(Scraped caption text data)
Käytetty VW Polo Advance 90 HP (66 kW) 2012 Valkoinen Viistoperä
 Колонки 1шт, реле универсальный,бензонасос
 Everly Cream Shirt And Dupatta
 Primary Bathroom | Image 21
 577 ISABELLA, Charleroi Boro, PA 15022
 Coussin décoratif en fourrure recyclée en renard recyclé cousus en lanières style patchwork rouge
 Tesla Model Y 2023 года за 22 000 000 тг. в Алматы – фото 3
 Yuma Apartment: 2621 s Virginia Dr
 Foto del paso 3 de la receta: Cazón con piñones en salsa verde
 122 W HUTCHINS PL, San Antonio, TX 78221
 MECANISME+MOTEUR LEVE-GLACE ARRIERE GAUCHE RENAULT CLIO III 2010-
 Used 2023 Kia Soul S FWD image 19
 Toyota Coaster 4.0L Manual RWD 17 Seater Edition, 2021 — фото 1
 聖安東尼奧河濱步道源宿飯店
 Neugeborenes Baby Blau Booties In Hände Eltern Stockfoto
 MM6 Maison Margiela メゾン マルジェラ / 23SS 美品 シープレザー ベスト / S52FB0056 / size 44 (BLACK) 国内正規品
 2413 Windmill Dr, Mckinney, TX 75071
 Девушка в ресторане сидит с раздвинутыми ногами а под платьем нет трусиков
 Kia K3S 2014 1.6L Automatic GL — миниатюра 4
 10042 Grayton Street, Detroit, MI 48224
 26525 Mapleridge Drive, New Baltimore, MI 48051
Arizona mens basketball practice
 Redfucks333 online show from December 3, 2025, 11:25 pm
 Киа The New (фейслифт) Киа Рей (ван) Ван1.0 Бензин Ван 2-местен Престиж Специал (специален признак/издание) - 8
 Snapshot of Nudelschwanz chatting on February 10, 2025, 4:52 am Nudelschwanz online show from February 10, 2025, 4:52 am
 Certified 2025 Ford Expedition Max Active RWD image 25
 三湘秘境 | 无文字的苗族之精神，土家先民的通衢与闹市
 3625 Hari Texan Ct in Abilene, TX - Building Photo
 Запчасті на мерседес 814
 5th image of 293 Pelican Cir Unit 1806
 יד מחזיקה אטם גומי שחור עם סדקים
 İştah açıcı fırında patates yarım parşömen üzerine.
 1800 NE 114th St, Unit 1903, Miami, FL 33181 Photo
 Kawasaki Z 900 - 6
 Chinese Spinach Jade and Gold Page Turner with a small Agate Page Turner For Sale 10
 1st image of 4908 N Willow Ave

> [AIM OF THE TASK]
Find all the lines with "Photo" in the data and copy them.

> [TASK OUTPUT]
 3625 Hari Texan Ct in Abilene, TX - Building Photo
 1800 NE 114th St, Unit 1903, Miami, FL 33181 Photo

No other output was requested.